Exercise directions – Set down all of the records exactly, leaving none out.

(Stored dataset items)
════════════════════

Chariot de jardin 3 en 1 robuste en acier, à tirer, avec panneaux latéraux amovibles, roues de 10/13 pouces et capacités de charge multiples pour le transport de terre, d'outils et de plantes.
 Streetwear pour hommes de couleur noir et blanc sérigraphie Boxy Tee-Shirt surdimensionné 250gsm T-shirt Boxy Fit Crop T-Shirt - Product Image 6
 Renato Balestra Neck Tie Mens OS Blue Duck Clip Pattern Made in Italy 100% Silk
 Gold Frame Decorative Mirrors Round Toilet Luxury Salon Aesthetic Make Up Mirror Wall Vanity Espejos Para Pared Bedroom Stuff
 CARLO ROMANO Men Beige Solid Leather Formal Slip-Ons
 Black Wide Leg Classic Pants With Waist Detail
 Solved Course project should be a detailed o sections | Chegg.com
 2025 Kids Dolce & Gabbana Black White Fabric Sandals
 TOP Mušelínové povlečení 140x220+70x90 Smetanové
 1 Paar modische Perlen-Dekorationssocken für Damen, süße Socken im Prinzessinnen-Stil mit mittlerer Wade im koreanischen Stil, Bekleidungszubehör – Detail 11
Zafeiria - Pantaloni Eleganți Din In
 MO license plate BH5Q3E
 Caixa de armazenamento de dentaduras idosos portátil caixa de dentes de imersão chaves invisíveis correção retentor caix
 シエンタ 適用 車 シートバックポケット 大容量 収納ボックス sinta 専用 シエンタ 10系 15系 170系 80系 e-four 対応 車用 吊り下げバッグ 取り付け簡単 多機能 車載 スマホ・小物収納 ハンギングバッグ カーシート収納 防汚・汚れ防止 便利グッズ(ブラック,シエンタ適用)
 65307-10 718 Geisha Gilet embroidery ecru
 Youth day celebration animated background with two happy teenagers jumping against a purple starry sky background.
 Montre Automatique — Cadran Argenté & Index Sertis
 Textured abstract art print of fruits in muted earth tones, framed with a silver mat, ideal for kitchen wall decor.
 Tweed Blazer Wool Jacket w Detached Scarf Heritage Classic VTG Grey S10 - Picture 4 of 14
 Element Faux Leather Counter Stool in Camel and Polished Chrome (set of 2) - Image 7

════════════════════

Written solution –
Chariot de jardin 3 en 1 robuste en acier, à tirer, avec panneaux latéraux amovibles, roues de 10/13 pouces et capacités de charge multiples pour le transport de terre, d'outils et de plantes.
 Streetwear pour hommes de couleur noir et blanc sérigraphie Boxy Tee-Shirt surdimensionné 250gsm T-shirt Boxy Fit Crop T-Shirt - Product Image 6
 Renato Balestra Neck Tie Mens OS Blue Duck Clip Pattern Made in Italy 100% Silk
 Gold Frame Decorative Mirrors Round Toilet Luxury Salon Aesthetic Make Up Mirror Wall Vanity Espejos Para Pared Bedroom Stuff
 CARLO ROMANO Men Beige Solid Leather Formal Slip-Ons
 Black Wide Leg Classic Pants With Waist Detail
 Solved Course project should be a detailed o sections | Chegg.com
 2025 Kids Dolce & Gabbana Black White Fabric Sandals
 TOP Mušelínové povlečení 140x220+70x90 Smetanové
 1 Paar modische Perlen-Dekorationssocken für Damen, süße Socken im Prinzessinnen-Stil mit mittlerer Wade im koreanischen Stil, Bekleidungszubehör – Detail 11
Zafeiria - Pantaloni Eleganți Din In
 MO license plate BH5Q3E
 Caixa de armazenamento de dentaduras idosos portátil caixa de dentes de imersão chaves invisíveis correção retentor caix
 シエンタ 適用 車 シートバックポケット 大容量 収納ボックス sinta 専用 シエンタ 10系 15系 170系 80系 e-four 対応 車用 吊り下げバッグ 取り付け簡単 多機能 車載 スマホ・小物収納 ハンギングバッグ カーシート収納 防汚・汚れ防止 便利グッズ(ブラック,シエンタ適用)
 65307-10 718 Geisha Gilet embroidery ecru
 Youth day celebration animated background with two happy teenagers jumping against a purple starry sky background.
 Montre Automatique — Cadran Argenté & Index Sertis
 Textured abstract art print of fruits in muted earth tones, framed with a silver mat, ideal for kitchen wall decor.
 Tweed Blazer Wool Jacket w Detached Scarf Heritage Classic VTG Grey S10 - Picture 4 of 14
 Element Faux Leather Counter Stool in Camel and Polished Chrome (set of 2) - Image 7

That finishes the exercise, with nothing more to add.